LIBRARY JOURNAL REVIEW FOR HANNU RAJANIEMI’S SUMMERLAND
A great Library Journal review for SUMMERLAND by Hannu Rajaniemi, published by Gollancz in the UK and Tor in the US in June:
In 1938 Britain, the Queen is dead but still ruling the living from afar in Summerland, the city of the afterlife. Stakes of “life or death” no longer have meaning, and the most important commodity on both planes of existence is power. What matters in life if it does not stop at death? Rachel White is a secret intelligence officer with a penchant for interrogating Soviet spies and avoiding her suffocating marriage. She uncovers a mole in Summerland, but her fears are dismissed by her superiors.
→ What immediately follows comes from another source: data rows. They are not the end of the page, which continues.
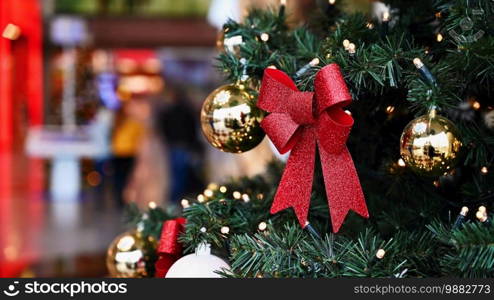 Colorful christmas Decoration. Winter holidays and traditional ornaments on a Christmas tree. Lighting chains - candles for seasonal background.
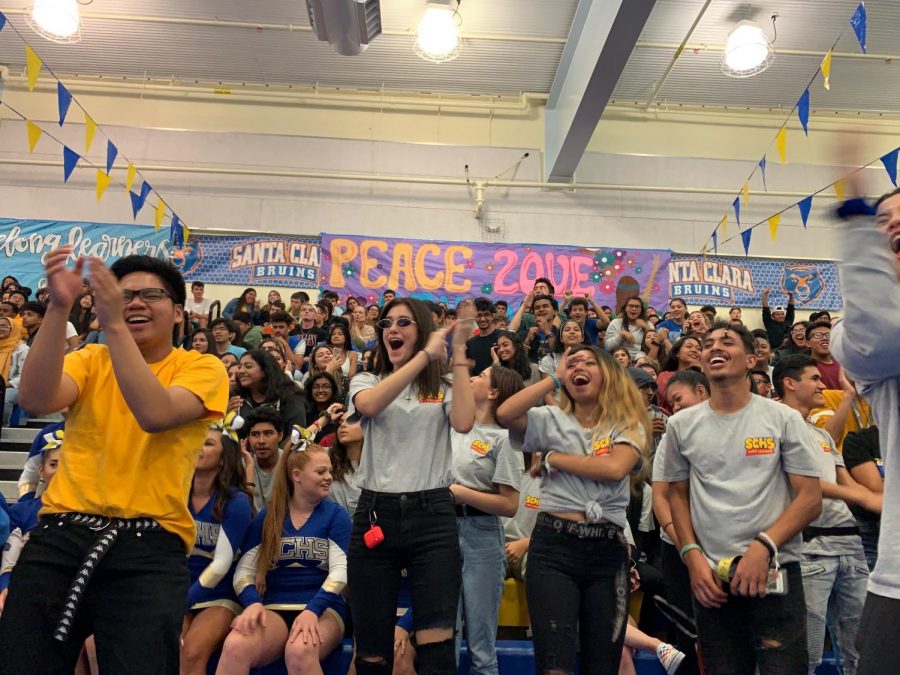 Seniors (left to right) Dion Celino, Jordenne Schilling, Franchesca Poquiz and Ben Carter, cheer on their classmates at the first ever Welcome Rally. 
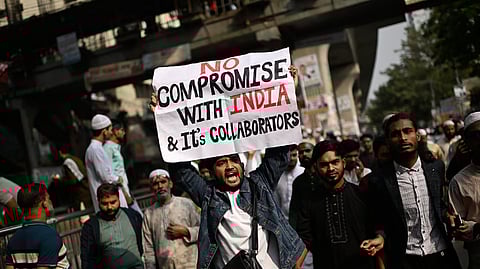 A protester holds a placard and shout slogans during a protest following overnight attacks and vandalism after the death of a prominent activist, who was shot by an assailant a week ago, in Dhaka, Bangladesh, Friday, Dec. 19, 2025. 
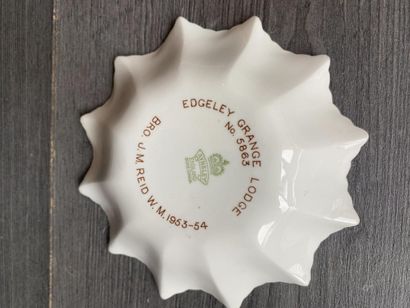 An orphaned saucer with floral decoration...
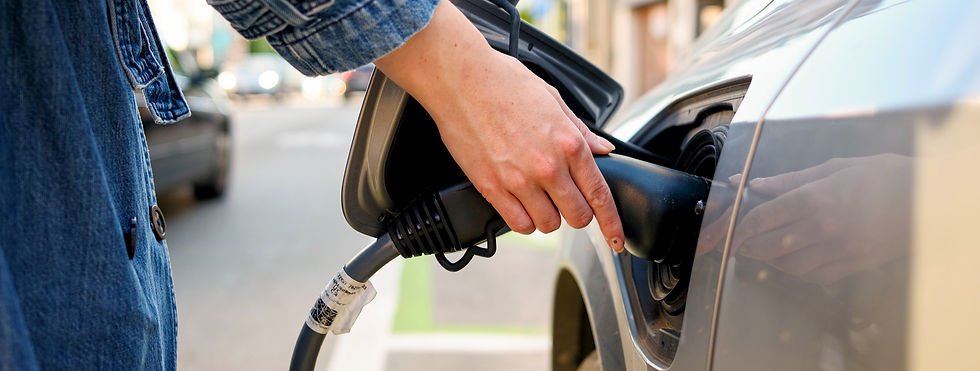 Close-up of a person plugging a charger cable into an electric vehicle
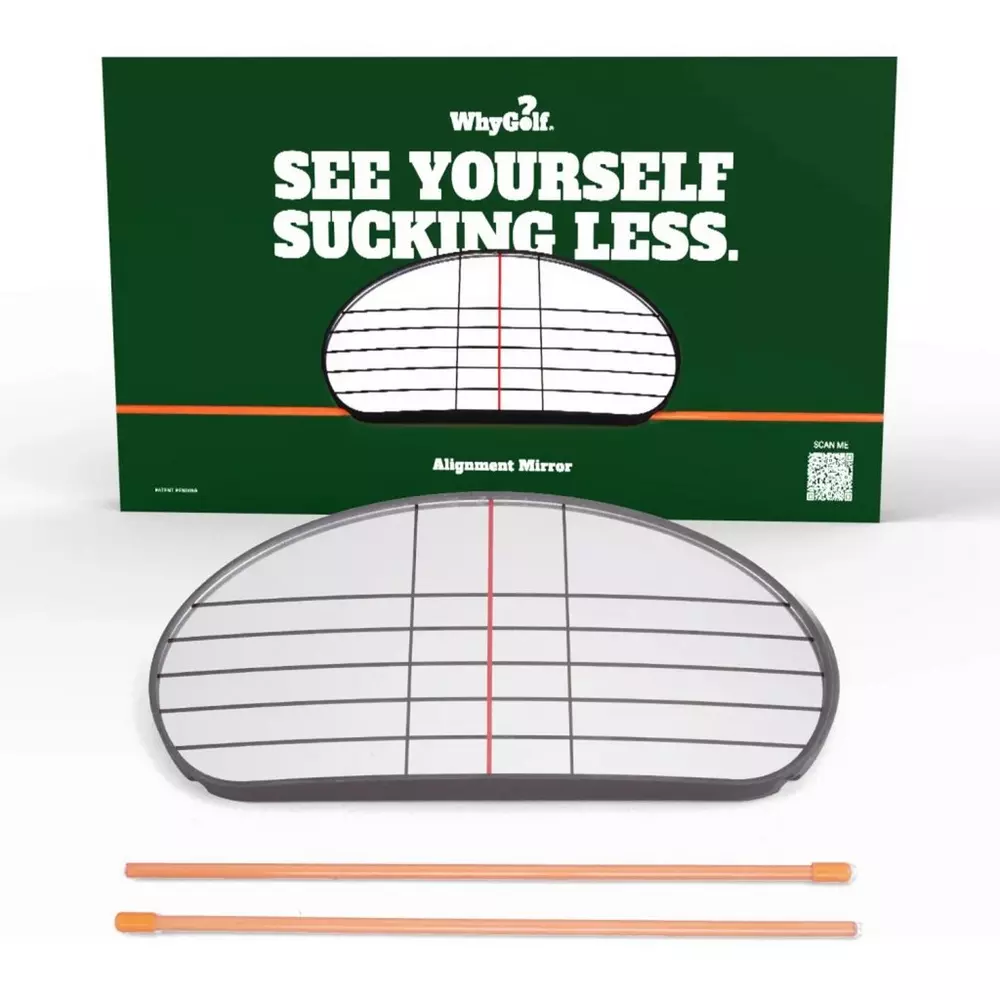 A golf alignment mirror with a grid pattern, designed as a training aid to improve your golf swing and set up, is placed in front of a green sign that reads SEE YOURSELF SUCKING LESS. Two orange rods are in front of the mirror.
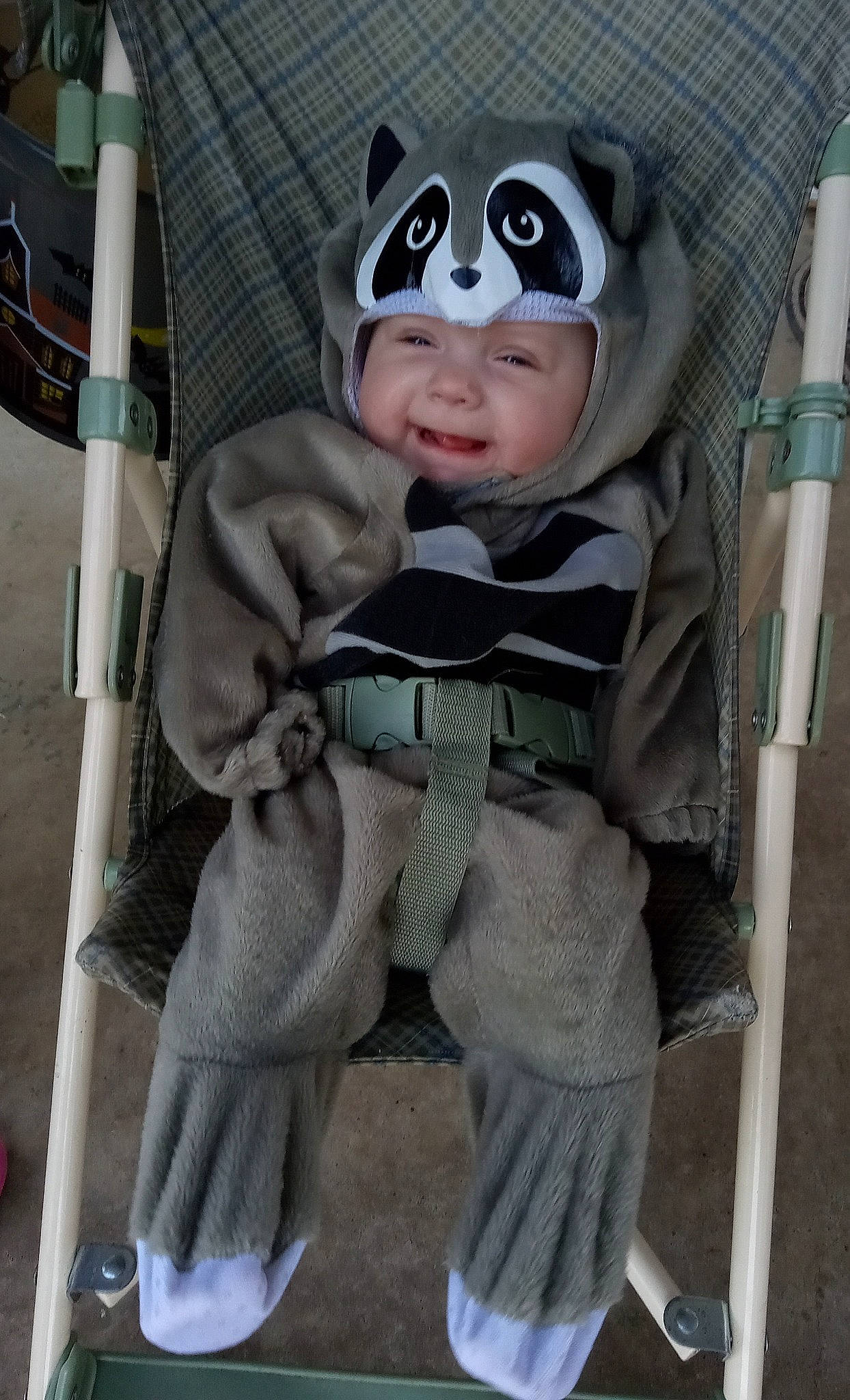 Madelyn is registered to the contest to win money with this photo: baby, baby_carriage, baby_products, baby_safety, baby_toddler_clothing, car_seat, cheek, child, comfort, fun, fur, headgear, headwear, person, personal_protective_equipment, product, sitting, sleeve, smile, toddler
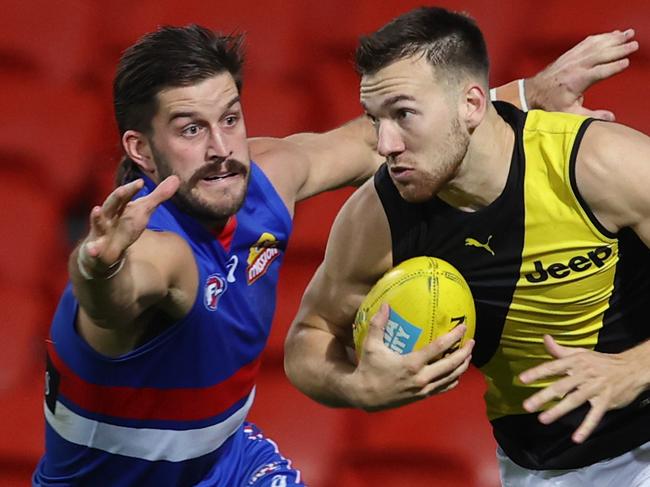 AFL Round 9. Western Bulldogs vs Richmond at Metricon Stadium, Gold Coast. 29/07/2020.   Noah Balta of the Tigers clears infront of Josh Bruce of the Bulldogs    . Pic: Michael Klein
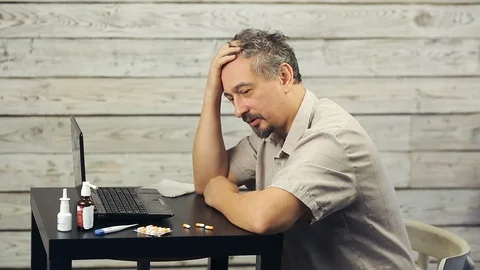 A bearded man works at the computer and coughs. Stock Footage 99882670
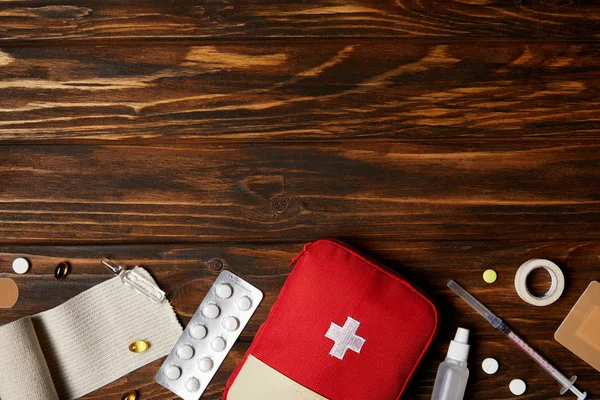 Top View First Aid Kit Different Medicines Wooden Tabletop — Stock Photo, Image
Humiliated and demoted, Rachel embarks on a rogue mission to bring down the mole and clean house in both the living and dead British Empire. Finnish-born Rajaniemi (“Jean le Flambeur” series) takes a familiar premise (Soviet vs. British spies in the 1930s) and turns it into something new, a complex philosophical espionage story interwoven with mathematical theory and ghosts, taking great care to make Summerland an intricate and vivid world of technological and spiritual wonder.
VERDICT: Recommended for the author’s fans and readers who enjoy Ben Aaronovitch and Adam Roberts.